Whether you are an entrepreneur nurturing your brainchild, a manager overseeing daily operations, or a director guiding strategic decisions, having an external party evaluate and value your company can be exciting and nerve-wracking. However, it also presents an opportunity to gain deep insights into the actual value of your organisation and, more importantly, how to enhance that value.
As the saying goes, “Failing to prepare is preparing to fail.” Regarding third-party valuations, meticulous preparation ensures a smooth and accurate assessment of your company’s value. This article aims to guide you through the crucial steps and considerations you should undertake before the valuation process begins.
From assembling the right team of experts to conducting a comprehensive examination of your financials and operations, we will delve into the essential preparations to make the process more efficient and ensure a fair and reasonable valuation.
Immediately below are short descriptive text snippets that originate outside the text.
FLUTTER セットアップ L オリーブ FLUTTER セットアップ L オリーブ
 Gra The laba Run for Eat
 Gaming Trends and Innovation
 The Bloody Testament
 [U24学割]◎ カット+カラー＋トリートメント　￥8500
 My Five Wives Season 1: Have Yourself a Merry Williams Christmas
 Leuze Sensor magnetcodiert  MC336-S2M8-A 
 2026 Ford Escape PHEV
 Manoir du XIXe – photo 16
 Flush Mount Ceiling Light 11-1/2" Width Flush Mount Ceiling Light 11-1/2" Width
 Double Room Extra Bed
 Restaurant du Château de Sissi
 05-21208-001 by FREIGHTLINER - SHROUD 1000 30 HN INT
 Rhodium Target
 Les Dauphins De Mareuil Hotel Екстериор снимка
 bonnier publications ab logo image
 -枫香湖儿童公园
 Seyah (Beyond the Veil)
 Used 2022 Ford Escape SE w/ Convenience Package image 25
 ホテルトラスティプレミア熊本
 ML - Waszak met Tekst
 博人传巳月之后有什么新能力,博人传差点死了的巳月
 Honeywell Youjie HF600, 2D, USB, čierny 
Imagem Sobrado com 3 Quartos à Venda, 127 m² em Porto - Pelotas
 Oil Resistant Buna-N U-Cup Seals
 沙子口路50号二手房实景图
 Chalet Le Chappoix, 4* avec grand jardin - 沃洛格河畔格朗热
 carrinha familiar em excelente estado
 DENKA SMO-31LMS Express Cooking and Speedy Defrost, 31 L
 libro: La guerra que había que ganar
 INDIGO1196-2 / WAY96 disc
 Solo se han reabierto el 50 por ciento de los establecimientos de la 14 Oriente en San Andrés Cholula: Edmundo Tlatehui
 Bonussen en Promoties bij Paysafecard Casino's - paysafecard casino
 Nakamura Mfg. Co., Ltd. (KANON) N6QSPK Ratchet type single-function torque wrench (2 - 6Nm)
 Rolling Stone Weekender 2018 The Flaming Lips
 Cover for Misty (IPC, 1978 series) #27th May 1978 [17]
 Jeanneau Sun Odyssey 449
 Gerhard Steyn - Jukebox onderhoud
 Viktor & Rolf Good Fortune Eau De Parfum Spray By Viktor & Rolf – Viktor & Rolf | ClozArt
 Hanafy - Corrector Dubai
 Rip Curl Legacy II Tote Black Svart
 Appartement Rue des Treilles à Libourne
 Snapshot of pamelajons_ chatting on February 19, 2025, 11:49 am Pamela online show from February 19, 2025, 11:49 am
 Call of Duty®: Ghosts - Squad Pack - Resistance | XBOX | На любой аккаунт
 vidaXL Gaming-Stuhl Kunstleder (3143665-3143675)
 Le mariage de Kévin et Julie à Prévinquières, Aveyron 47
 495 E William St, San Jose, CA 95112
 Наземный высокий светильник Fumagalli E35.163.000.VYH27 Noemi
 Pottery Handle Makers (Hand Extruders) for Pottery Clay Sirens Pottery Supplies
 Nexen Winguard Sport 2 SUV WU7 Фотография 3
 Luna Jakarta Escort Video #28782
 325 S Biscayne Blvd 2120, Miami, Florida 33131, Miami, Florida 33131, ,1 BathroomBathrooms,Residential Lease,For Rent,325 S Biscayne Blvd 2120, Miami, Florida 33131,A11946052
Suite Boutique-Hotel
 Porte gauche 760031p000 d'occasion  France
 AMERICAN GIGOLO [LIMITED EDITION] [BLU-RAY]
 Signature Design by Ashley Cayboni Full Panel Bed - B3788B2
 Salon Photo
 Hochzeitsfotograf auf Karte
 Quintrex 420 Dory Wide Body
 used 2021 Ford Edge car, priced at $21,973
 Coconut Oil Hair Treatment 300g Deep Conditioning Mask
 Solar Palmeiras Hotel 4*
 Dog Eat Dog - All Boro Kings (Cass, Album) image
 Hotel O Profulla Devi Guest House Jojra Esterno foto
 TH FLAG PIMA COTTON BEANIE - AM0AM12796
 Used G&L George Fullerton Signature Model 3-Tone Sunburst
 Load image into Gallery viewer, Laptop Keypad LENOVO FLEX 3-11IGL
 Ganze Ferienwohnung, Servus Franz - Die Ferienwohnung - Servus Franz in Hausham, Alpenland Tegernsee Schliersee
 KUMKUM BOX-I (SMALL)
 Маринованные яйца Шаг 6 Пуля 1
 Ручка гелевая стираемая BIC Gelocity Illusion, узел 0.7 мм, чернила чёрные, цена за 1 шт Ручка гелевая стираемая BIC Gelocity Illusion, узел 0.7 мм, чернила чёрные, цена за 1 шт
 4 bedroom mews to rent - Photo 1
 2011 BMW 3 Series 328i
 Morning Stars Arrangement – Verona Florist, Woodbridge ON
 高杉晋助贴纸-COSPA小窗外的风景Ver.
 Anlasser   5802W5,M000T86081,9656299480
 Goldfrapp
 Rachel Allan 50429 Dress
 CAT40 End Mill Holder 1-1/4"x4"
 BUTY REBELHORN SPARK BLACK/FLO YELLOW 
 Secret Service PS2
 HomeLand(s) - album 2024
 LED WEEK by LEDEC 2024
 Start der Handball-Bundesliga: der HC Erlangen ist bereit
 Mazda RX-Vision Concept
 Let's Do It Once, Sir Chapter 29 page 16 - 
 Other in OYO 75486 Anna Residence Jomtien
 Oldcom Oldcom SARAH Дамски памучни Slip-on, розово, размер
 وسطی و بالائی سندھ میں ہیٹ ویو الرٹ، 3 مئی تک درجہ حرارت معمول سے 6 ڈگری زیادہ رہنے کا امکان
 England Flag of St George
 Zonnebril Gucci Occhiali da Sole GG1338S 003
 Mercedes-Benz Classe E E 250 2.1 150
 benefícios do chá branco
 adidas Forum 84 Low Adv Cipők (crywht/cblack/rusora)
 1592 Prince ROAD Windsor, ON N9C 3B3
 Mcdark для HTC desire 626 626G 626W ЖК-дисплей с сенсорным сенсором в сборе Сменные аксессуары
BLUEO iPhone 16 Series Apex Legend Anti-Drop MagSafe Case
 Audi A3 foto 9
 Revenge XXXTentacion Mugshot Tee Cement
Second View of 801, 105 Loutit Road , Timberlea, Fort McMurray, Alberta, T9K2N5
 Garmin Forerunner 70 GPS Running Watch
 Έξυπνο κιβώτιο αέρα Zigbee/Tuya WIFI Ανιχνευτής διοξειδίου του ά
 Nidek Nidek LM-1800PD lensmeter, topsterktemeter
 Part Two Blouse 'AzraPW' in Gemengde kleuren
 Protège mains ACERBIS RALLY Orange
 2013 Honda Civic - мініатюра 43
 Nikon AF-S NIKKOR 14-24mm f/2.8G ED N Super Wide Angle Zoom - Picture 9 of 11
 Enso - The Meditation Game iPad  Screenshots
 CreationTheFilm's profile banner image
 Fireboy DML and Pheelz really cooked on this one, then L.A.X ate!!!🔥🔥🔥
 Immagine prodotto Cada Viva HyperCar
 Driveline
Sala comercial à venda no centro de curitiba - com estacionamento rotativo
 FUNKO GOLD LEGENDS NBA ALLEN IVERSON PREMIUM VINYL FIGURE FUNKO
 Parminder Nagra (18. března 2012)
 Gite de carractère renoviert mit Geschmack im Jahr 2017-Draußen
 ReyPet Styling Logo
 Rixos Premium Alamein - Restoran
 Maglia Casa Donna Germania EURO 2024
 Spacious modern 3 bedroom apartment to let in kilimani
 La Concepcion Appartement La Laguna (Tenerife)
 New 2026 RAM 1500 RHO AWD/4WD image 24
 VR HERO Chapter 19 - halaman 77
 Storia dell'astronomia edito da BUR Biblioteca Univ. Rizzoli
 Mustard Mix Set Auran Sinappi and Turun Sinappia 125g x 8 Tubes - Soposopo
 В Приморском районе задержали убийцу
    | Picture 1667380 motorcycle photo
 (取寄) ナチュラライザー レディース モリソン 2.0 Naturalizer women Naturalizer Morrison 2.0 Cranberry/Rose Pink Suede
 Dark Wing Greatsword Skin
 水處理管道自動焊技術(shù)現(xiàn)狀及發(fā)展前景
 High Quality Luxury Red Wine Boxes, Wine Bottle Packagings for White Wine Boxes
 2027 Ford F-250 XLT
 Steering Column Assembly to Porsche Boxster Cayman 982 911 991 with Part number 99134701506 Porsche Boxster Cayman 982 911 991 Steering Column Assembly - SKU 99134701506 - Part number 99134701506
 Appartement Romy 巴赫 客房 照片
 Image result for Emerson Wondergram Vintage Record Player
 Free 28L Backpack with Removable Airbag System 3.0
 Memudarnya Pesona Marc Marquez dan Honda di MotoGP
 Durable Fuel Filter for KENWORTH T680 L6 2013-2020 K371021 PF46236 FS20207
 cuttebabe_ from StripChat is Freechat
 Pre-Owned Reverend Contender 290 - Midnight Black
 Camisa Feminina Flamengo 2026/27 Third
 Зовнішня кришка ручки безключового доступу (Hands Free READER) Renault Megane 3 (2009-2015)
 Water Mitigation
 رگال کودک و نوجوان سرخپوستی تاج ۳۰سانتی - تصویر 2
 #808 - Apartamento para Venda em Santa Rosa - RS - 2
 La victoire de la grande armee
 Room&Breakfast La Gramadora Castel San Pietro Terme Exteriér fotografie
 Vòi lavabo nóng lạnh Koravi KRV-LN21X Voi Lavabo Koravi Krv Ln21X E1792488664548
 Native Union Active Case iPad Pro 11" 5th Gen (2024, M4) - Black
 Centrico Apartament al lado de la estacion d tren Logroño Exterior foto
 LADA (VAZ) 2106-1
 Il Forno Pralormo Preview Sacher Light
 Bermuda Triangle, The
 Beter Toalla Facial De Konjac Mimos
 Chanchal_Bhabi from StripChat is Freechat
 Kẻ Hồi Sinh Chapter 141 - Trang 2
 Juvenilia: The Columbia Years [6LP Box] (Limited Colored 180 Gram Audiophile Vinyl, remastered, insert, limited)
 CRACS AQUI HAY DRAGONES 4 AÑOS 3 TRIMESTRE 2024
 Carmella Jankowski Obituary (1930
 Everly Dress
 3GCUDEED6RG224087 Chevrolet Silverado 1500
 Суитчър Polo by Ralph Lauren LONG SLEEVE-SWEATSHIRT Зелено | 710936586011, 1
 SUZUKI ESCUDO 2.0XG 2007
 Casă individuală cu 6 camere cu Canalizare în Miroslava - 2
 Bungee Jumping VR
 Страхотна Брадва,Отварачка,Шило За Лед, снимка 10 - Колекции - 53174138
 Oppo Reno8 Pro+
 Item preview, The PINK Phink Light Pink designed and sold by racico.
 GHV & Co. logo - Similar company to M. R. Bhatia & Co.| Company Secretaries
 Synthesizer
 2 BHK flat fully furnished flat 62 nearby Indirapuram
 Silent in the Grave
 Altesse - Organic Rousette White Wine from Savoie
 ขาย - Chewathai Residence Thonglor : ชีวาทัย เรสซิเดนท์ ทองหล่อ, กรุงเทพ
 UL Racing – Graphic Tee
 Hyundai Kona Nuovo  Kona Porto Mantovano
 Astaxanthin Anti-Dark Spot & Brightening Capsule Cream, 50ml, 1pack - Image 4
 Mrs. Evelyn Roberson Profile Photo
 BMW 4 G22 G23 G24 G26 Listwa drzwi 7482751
So whether you’re contemplating selling your business, seeking investment opportunities or simply aiming for an understanding of where your company stands in the market landscape, our tips below will empower you to navigate through the valuation process successfully.
Selecting the right professional:
The valuation process begins with selecting the most suitable methodology; a discounted cash flow model (DCF) is commonly utilised (to estimate the value by discounting its expected future cash flows to their present value) along with a market multiple approach (estimating value based on other market transactions of a similar size and nature). However, there are many methodologies, each offering different benefits in accuracy, ease of process, and sensitivity to bias/estimates. The choice of methodology hinges on the company’s specific characteristics and the information available. For instance, a DCF model is more suitable for companies with predictable future cash flows, while a market multiples approach might be better for companies with less certainty over cash flows such as start-ups.
Finding the right valuation expert will necessitate looking for someone with the correct qualifications, experience, and industry knowledge to perform an accurate valuation. However, depending on the expected use of the valuation, having an expert with good credentials, clear independence and objectivity, transparency in documentation, and good references can be invaluable.Especially when looking to use the valuation performed for reporting purposes or raising capital through the use of new equity participants.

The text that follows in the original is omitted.